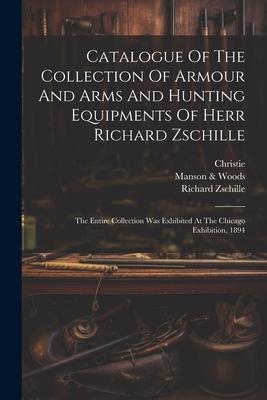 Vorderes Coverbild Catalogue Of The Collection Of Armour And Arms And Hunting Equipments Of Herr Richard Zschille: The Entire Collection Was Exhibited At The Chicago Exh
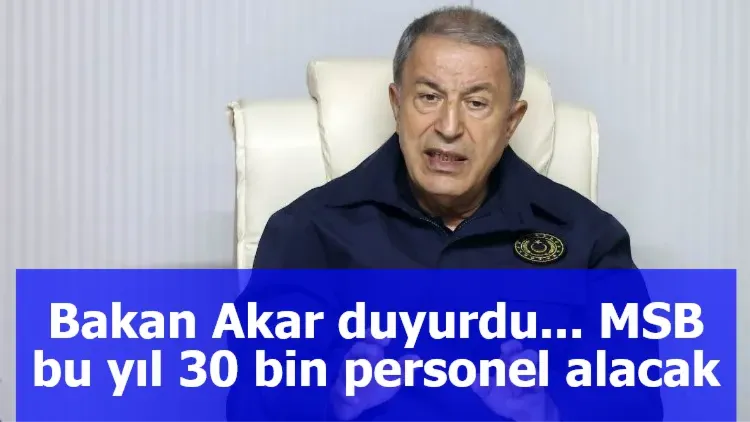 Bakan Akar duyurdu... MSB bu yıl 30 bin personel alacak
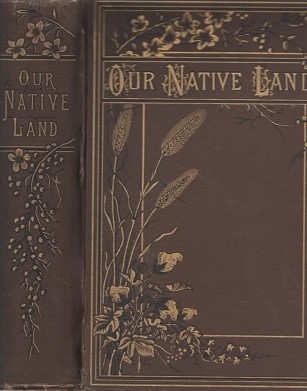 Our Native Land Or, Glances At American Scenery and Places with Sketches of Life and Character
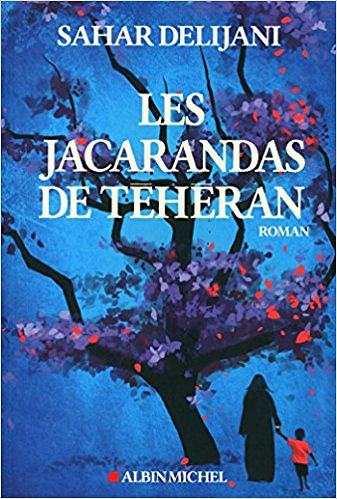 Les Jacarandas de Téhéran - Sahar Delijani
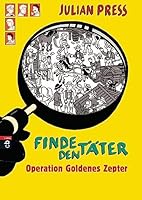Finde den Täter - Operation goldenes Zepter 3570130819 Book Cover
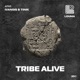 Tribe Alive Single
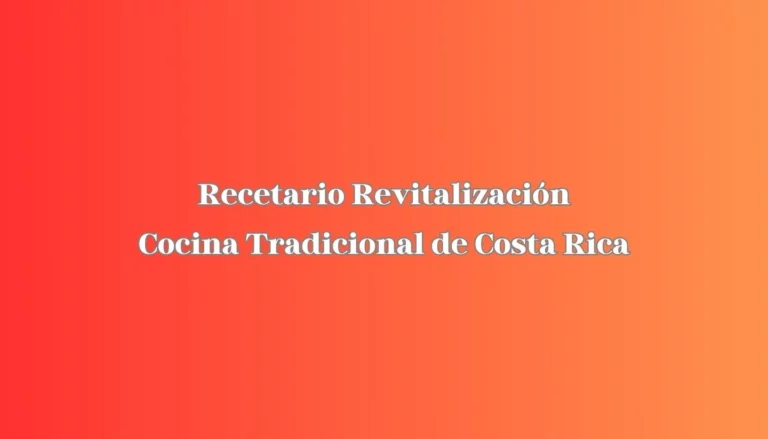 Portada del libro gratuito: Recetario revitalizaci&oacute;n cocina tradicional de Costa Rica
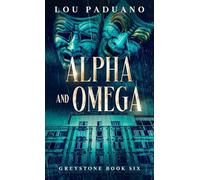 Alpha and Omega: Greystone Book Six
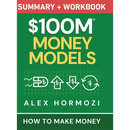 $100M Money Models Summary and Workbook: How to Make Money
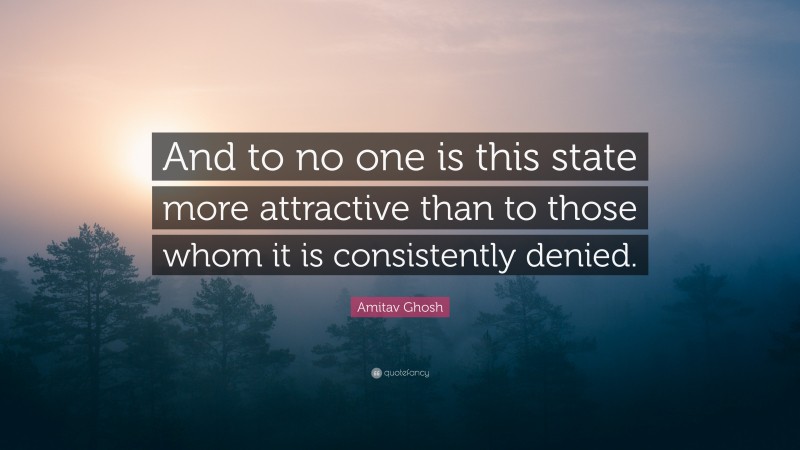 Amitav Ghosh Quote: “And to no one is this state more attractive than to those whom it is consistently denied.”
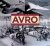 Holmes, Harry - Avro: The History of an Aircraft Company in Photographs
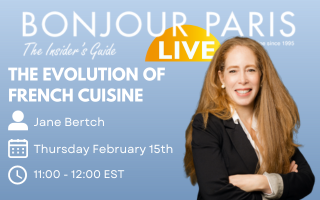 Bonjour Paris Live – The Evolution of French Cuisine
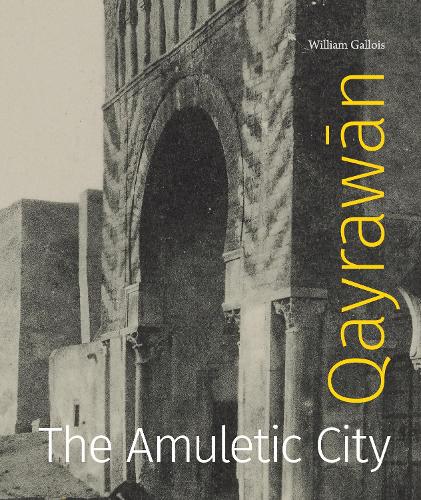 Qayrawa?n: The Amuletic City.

* * *

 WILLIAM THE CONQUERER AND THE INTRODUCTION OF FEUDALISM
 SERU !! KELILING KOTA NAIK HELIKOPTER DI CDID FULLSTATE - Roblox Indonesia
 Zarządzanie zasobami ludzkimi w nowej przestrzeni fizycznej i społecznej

* TASK TO COMPLETE
Set down again, exactly, every line above from the one with "Holmes, Harry - Avro: The" down to the one with "Qayrawa?n: The Amuletic City.", both ends included. No pictures, and nothing else.

* ANSWER TO THIS TASK
 Holmes, Harry - Avro: The History of an Aircraft Company in Photographs
 Bonjour Paris Live – The Evolution of French Cuisine
 Qayrawa?n: The Amuletic City.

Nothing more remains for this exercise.